Birthday cake interview
- Date: 3 March 1993
- Time: 18:30
- Location: TCN, Sydney, Australia;
- Cause: Hewson was unable to explain one of his Fightback! key tax policies on live television
- First reporter: Mike Willesee
- Participants: John Hewson
- Outcome: Thought to have contributed to Hewson's failure to win the 1993 federal election

= Birthday cake interview =

Australian political interview

The birthday cake interview was a live interview on Australian television in March 1993 in which Liberal Party Opposition Leader John Hewson was unable to clearly explain to reporter Mike Willesee whether a birthday cake would cost more or less under his proposed tax reforms. It is remembered as contributing to Hewson's unexpected failure as leader of the Coalition to win the federal election that took place ten days later.

== Background ==
After winning leadership of the Liberal Party, in November 1991 Hewson launched a comprehensive package of proposed reforms called Fightback!, after years of Australian Labor Party dominance in federal politics. The package included new social structures, industrial reforms and radical economic policies. One of its key elements was the introduction of a consumption tax called the Goods and Services Tax (GST), to be balanced by abolition of a range of other taxes such as sales tax, deep cuts in income tax for the middle and upper-middle classes, and increases in pensions and benefits to compensate the poor for the rise in prices flowing from the GST.

Labor Prime Minister Bob Hawke and his Treasurer John Kerin were unable to mount an effective response, and in December 1991, Paul Keating successfully challenged Hawke and became prime minister.

Through 1992, Keating mounted a campaign against the Fightback! package and, particularly, against the GST, which he described as an attack on the working class in that it shifted the tax burden from direct taxation of the wealthy to indirect taxation of the mass of consumers. He famously described Hewson as a "feral abacus".

== Interview ==
This assault forced Hewson into a partial backdown, agreeing not to levy the GST on food. However, this concession opened him to charges of weakness and inconsistency, and it also complicated the arithmetic of the taxes and benefits package by reducing the scope for the tax cuts, which were the most attractive elements of the package for middle-class voters. A particular problem was coming up with a precise legal definition for 'food'. The complications of the new package were demonstrated in the interview with Mike Willessee on 3 March 1993 on the Nine Network's A Current Affair, in which Hewson was unable to answer a seemingly straightforward question about whether a birthday cake would cost more or less under a Coalition government. He instead made a series of conditional responses about whether the cake would be decorated, have candles on it, and so on.

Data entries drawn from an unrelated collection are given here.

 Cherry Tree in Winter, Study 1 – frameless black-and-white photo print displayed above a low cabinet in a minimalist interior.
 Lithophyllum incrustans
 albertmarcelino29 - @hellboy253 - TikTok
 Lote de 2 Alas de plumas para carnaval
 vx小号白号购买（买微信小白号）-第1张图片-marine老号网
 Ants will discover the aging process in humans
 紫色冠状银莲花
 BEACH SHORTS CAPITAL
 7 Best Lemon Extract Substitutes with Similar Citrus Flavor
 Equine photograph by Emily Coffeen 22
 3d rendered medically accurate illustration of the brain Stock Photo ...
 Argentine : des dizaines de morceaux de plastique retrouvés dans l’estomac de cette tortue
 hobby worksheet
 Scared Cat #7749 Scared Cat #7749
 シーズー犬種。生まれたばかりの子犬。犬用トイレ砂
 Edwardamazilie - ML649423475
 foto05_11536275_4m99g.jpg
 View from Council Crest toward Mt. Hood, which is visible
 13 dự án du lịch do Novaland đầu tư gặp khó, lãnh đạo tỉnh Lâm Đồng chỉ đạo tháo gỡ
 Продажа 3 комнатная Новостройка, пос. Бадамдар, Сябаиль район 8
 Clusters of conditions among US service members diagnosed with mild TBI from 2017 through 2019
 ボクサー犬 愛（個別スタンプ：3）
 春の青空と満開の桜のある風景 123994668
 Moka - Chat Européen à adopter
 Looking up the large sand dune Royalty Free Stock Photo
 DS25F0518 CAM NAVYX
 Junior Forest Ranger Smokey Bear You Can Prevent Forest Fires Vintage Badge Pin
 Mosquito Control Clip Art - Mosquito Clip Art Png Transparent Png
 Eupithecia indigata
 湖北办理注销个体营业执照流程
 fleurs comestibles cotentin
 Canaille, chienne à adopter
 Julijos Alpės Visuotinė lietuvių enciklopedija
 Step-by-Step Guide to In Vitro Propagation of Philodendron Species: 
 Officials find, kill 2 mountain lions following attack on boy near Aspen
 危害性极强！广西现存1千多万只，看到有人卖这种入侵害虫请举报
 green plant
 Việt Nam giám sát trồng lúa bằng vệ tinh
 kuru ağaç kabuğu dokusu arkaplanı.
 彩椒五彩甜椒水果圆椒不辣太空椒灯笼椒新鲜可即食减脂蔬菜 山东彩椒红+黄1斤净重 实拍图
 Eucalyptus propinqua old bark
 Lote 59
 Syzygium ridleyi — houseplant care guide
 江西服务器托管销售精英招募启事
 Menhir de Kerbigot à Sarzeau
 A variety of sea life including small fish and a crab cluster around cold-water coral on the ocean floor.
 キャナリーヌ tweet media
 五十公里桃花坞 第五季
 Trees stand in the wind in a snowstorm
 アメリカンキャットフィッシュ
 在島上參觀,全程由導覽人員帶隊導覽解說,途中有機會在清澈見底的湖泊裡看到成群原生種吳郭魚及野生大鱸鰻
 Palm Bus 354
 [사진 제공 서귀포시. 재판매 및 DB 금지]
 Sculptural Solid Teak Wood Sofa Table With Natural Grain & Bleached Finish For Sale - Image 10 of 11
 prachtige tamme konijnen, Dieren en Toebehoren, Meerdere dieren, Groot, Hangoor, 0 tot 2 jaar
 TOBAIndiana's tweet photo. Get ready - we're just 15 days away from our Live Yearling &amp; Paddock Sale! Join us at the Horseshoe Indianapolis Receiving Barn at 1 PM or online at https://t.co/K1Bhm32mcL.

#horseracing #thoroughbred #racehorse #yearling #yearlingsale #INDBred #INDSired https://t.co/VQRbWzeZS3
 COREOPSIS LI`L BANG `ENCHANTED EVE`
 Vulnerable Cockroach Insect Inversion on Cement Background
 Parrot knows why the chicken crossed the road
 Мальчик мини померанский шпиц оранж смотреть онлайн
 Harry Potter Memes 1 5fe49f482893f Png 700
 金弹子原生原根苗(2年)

Willesee: "If I buy a birthday cake from a cake shop and GST is in place, do I pay more or less for that birthday cake?"

Hewson: "...If it is a cake shop, a cake from a cake shop that has sales tax, and it's decorated and has candles as you say, that attracts sales tax, then of course we scrap the sales tax, before the GST is..."

Willesee: "OK — it's just an example. If the answer to a birthday cake is so complex — you do have a problem with the overall GST?"

== Aftermath ==
The following day, Keating paid a televised visit to a bakery, but the owner told him that although he disliked the proposed GST, taxes under the Labor government already had an adverse effect on his business. Keating appeared surprised that the owner paid both payroll and wholesale sales tax. The Coalition led by Hewson continued to be favoured to win the election on 13 March, with polls until election day predicting a Coalition victory.

However, Hewson was defeated. The birthday cake interview was widely seen as crucial in the loss of what many of his supporters had called an "unloseable election", making his tax proposal seem too complicated and Hewson himself ignorant about it.

After the election Fightback! was declared dead, and Hewson lost the Liberal leadership to Alexander Downer in May 1994 and retired from Parliament in 1995. The GST was dropped from the Liberal Party's agenda until the 1998 election campaign (by which time they had been in government for two years).

In August 2006, Andrew Denton conducted an in-depth interview with Hewson on the ABC TV program Enough Rope. Upon being shown footage of the birthday cake interview, Hewson commented, "Well I answered the question honestly. The answer's actually right. That doesn't count... I should have told him [Willesee] to get stuffed!"